Question

Verify, from Key Idea 10.2.1, that $$ \vec{u}=\langle\sin \theta \cos \varphi, \sin \theta \sin \varphi, \cos \theta\rangle $$ is a unit vector for all angles \(\theta\) and \(\varphi\).

Short answer

The vector \(\vec{u}\) is a unit vector because its magnitude is 1 for all \(\theta\) and \(\varphi\).

Step-by-step solution

Understand the Definition of a Unit Vector

A unit vector is a vector that has a magnitude of 1. Therefore, to verify if \( \vec{u} \) is a unit vector, we must ensure that the magnitude of \( \vec{u} \) is equal to 1.

Calculate the Magnitude of \( \vec{u} \)

The magnitude of a vector \( \vec{u} = \langle a, b, c \rangle \) is calculated using the formula: \[ \| \vec{u} \| = \sqrt{a^2 + b^2 + c^2}. \] For \( \vec{u} = \langle \sin \theta \cos \varphi, \sin \theta \sin \varphi, \cos \theta \rangle \), the magnitude becomes \[ \| \vec{u} \| = \sqrt{(\sin \theta \cos \varphi)^2 + (\sin \theta \sin \varphi)^2 + (\cos \theta)^2}. \]

Simplify the Magnitude Expression

Expanding each term inside the square root, we have:\[ = \sqrt{(\sin^2 \theta \cos^2 \varphi) + (\sin^2 \theta \sin^2 \varphi) + \cos^2 \theta}. \] Factor out \( \sin^2 \theta \) in the first two terms:\[ = \sqrt{\sin^2 \theta (\cos^2 \varphi + \sin^2 \varphi) + \cos^2 \theta}. \] Note that \( \cos^2 \varphi + \sin^2 \varphi = 1 \), due to the Pythagorean identity, thus simplifying:\[ = \sqrt{\sin^2 \theta \cdot 1 + \cos^2 \theta}. \] This reduces further to:\[ = \sqrt{\sin^2 \theta + \cos^2 \theta}. \] Again, using the Pythagorean identity \( \sin^2 \theta + \cos^2 \theta = 1 \):\[ = \sqrt{1} = 1. \]

Conclusion

Since the magnitude \( \| \vec{u} \| = 1 \), \( \vec{u} \) is indeed a unit vector. This verifies that the given vector \( \langle \sin \theta \cos \varphi, \sin \theta \sin \varphi, \cos \theta \rangle \) is a unit vector for all angles \( \theta \) and \( \varphi \).

Key concepts

Vector Magnitude

When we talk about the magnitude of a vector, we're referring to its length or size in space. It's like measuring how long a vector is, representing the distance from the point of origin to the vector's endpoint. To make this measurement, we use a formula that is rooted in the essence of geometry.

The magnitude of a vector with components \( \langle a, b, c \rangle \) is calculated using the formula for the Euclidean norm:

• \( \| \vec{u} \| = \sqrt{a^2 + b^2 + c^2} \)

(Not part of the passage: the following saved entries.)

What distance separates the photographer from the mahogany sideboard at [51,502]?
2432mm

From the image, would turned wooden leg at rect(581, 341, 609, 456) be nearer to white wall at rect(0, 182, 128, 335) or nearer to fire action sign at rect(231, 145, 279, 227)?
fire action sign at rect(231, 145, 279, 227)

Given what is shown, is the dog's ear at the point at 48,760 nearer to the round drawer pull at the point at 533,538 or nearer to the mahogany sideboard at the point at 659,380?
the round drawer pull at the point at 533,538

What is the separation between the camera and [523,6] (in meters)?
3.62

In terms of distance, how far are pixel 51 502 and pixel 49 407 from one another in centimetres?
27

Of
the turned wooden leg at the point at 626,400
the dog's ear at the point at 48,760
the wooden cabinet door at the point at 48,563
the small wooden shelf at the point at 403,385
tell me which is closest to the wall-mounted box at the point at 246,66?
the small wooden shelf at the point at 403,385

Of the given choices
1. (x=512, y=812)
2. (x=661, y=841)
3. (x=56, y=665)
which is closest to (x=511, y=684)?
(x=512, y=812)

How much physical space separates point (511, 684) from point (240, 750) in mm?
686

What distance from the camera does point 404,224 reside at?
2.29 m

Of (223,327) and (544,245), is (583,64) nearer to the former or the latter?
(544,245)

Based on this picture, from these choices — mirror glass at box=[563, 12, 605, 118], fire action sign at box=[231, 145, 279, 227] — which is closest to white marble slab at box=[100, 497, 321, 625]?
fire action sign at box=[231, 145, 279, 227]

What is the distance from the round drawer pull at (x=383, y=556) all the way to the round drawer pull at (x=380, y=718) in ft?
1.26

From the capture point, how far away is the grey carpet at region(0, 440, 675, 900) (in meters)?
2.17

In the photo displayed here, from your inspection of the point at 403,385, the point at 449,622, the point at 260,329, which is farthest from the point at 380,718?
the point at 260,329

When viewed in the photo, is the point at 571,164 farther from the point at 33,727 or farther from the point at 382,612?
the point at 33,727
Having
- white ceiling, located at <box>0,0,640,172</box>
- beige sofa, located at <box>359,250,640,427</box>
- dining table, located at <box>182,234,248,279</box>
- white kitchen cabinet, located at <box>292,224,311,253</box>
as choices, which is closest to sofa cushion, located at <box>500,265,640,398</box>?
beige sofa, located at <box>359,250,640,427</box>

Calculating this, you sum the squares of each component of the vector and then take the square root of that sum.

This formula is perfectly analogous to calculating the hypotenuse of a right triangle. In our problem, we verified that the vector \( \vec{u} = \langle \sin \theta \cos \varphi, \sin \theta \sin \varphi, \cos \theta \rangle \) has a magnitude (length) of 1. Therefore, it's a unit vector since its magnitude equals 1.

Pythagorean Identity

The Pythagorean identity is a fundamental relation in trigonometry and describes how certain combinations of trigonometric functions always yield the same value. Specifically, the Pythagorean identity states:

• \( \sin^2 \theta + \cos^2 \theta = 1 \)

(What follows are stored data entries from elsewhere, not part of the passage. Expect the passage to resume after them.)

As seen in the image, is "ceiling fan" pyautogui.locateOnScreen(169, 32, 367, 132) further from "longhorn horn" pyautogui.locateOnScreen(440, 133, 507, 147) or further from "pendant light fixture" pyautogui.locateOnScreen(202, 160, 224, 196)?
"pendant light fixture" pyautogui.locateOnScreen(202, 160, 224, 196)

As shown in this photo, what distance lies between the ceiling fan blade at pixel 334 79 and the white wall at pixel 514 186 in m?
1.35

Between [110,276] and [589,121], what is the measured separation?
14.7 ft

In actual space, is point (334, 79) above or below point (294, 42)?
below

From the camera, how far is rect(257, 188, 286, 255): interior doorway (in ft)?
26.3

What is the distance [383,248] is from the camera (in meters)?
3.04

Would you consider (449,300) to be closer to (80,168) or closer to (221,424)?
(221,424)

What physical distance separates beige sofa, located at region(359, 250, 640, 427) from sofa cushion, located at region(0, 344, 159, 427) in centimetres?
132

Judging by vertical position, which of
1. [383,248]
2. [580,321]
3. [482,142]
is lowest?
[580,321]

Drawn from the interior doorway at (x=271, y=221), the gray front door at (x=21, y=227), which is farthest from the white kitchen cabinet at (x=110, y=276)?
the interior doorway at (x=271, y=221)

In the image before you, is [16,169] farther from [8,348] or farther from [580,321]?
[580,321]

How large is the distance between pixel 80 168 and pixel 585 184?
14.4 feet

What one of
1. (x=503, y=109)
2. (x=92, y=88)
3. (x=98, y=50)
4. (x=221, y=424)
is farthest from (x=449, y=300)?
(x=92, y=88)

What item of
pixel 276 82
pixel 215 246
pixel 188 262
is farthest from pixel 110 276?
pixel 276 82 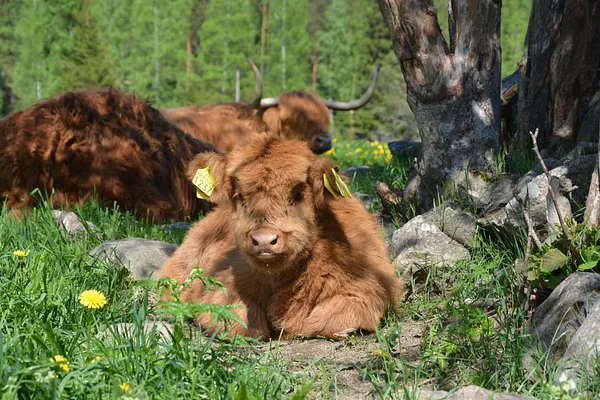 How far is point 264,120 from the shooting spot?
1342 cm

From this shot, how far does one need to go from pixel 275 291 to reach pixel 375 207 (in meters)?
2.47

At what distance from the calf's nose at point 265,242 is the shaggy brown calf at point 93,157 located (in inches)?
139

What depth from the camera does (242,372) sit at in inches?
120

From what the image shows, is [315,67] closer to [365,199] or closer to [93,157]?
[93,157]

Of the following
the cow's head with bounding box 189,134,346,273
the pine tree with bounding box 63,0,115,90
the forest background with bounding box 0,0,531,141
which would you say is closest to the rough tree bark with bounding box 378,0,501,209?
the cow's head with bounding box 189,134,346,273

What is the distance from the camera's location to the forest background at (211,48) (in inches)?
1873

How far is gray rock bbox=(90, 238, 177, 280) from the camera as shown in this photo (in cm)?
502

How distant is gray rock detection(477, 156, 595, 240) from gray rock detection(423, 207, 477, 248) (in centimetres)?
29

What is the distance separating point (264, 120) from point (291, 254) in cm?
939

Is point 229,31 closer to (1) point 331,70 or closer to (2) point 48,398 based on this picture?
(1) point 331,70

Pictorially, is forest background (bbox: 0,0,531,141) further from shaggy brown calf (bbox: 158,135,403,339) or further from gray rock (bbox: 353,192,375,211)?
shaggy brown calf (bbox: 158,135,403,339)

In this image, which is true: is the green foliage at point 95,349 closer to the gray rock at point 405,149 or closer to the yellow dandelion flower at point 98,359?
the yellow dandelion flower at point 98,359

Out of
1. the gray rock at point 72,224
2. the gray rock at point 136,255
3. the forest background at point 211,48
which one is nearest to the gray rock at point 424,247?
the gray rock at point 136,255

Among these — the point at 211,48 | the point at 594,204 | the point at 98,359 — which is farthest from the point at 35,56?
the point at 98,359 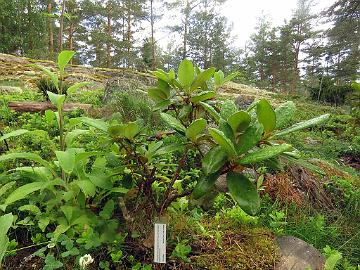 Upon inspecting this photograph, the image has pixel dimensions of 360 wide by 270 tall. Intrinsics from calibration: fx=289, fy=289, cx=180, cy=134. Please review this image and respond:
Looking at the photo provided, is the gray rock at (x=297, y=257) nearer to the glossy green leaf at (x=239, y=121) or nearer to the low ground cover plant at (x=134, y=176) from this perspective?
the low ground cover plant at (x=134, y=176)

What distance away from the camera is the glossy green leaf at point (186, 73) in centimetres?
130

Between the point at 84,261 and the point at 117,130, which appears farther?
the point at 117,130

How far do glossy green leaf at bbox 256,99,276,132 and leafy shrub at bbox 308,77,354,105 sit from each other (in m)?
14.4

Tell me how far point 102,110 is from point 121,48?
19.7 metres

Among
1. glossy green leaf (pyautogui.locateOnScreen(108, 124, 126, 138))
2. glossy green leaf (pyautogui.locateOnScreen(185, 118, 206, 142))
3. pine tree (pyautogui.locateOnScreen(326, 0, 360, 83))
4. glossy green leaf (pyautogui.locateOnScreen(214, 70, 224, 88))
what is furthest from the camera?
pine tree (pyautogui.locateOnScreen(326, 0, 360, 83))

This identity plays a crucial role not only in verifying our vector, but also in many other mathematical contexts. It assures us that regardless of the angle \( \theta \), the sum of the square of the sine of \( \theta \) and the square of the cosine of \( \theta \) will always be one.

In our vector verification, we leveraged this identity multiple times. For example, when simplifying the expression \( \sqrt{\sin^2 \theta + \cos^2 \theta} \), the Pythagorean identity helped us conclude that this expression simplifies to 1.

Trigonometric Functions

Trigonometric functions underpin many aspects of mathematics, particularly when dealing with angles and periodic phenomena. In the context of vectors, these functions often help us describe components in terms of angles.

• \( \sin \theta \)
• \( \cos \theta \)
• \( \tan \theta \)

Each function derives from relationships in a right-angled triangle and the unit circle.

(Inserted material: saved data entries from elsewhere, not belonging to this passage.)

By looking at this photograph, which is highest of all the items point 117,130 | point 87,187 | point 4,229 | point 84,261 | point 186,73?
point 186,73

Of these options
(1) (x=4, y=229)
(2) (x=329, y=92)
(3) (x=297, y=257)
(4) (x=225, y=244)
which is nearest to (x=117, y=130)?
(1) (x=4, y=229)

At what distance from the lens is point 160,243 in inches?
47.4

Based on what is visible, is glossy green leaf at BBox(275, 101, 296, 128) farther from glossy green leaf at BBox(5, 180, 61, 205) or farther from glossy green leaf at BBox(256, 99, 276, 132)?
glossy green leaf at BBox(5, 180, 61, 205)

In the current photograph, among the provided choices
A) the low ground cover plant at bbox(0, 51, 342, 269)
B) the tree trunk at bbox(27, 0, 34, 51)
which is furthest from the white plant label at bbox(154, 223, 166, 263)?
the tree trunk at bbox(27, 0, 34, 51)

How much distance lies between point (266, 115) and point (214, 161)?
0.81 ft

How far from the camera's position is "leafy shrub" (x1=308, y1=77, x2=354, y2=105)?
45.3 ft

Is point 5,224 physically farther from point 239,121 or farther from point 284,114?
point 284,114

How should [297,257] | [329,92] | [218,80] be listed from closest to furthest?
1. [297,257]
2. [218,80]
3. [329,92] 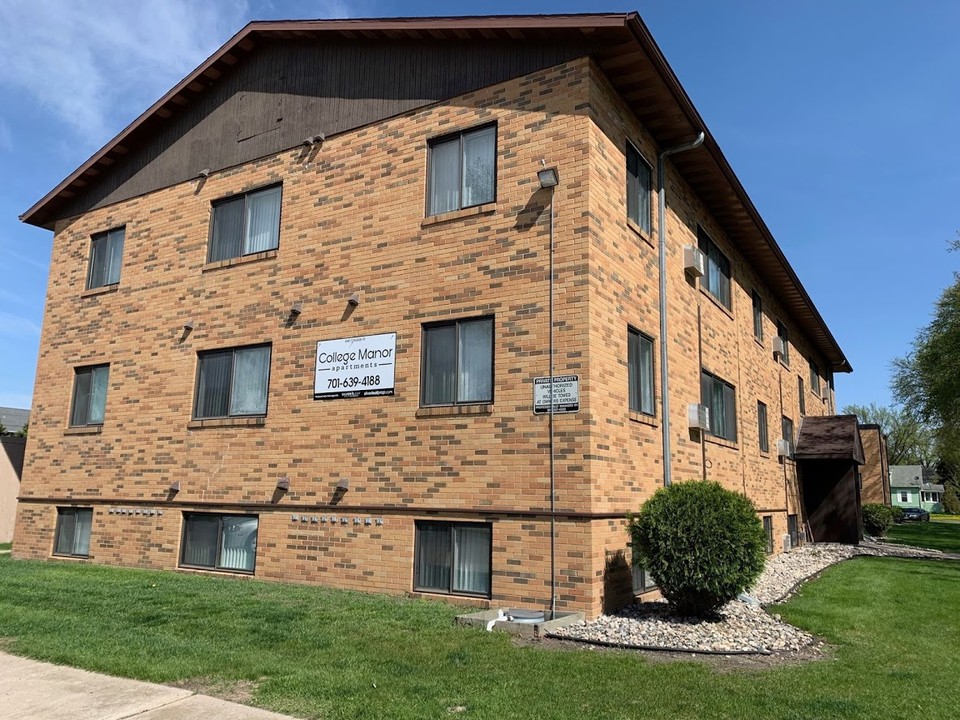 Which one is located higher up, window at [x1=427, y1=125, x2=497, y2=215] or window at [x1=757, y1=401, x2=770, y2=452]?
window at [x1=427, y1=125, x2=497, y2=215]

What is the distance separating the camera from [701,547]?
29.1ft

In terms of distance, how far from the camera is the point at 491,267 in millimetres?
10734

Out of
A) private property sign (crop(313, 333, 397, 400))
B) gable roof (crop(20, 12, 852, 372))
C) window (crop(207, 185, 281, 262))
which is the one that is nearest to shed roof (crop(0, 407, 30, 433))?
gable roof (crop(20, 12, 852, 372))

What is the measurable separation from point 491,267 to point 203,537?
6975 millimetres

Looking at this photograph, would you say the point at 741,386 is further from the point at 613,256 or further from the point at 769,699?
the point at 769,699

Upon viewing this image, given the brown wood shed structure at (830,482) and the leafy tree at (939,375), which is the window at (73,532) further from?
the leafy tree at (939,375)

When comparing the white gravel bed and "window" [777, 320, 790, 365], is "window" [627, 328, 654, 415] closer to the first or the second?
the white gravel bed

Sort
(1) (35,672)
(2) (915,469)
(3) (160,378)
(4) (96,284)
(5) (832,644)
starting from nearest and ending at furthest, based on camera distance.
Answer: (1) (35,672), (5) (832,644), (3) (160,378), (4) (96,284), (2) (915,469)

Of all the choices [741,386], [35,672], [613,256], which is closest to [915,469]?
[741,386]

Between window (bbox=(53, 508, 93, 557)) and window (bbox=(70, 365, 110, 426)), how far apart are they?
176 centimetres

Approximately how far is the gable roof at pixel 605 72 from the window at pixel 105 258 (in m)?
1.44

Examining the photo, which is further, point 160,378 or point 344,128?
point 160,378

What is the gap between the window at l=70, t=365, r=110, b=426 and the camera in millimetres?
15398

For vectors like our \( \vec{u} \), these functions help form a bridge between angular measurements and linear dimensions. The components of the vector \( \vec{u} \) are products of trigonometric functions, reflecting the angles \( \theta \) and \( \varphi \) in three-dimensional space.

This illustrates how trigonometry enables us to navigate between angles and linear space, providing solutions that are both precise and elegantly structured.